*** Data shown
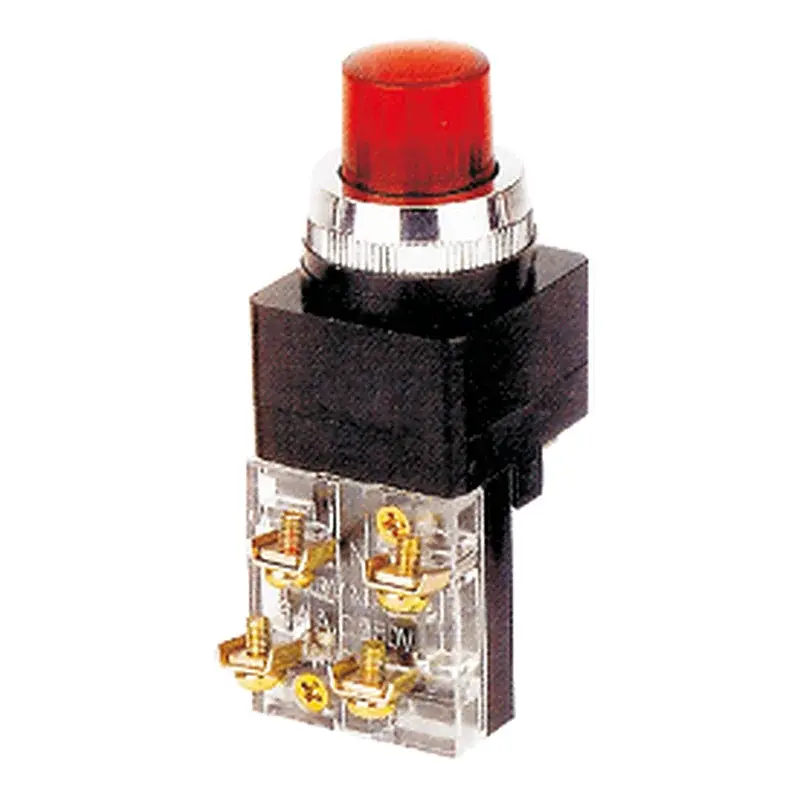 Wixim Illuminated Pushbutton NPB-25 25mm Direct Bulb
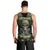 Veterans Day Men Tank Top War Never Leaves A Veteran Proud Military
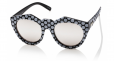 Neo Noir Spots Sunglasses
******
__Work item__: Only the pictures are to be dropped; all other material above must be repeated exactly.

__Written response__:
 Wixim Illuminated Pushbutton NPB-25 25mm Direct Bulb
 Veterans Day Men Tank Top War Never Leaves A Veteran Proud Military
 Neo Noir Spots Sunglasses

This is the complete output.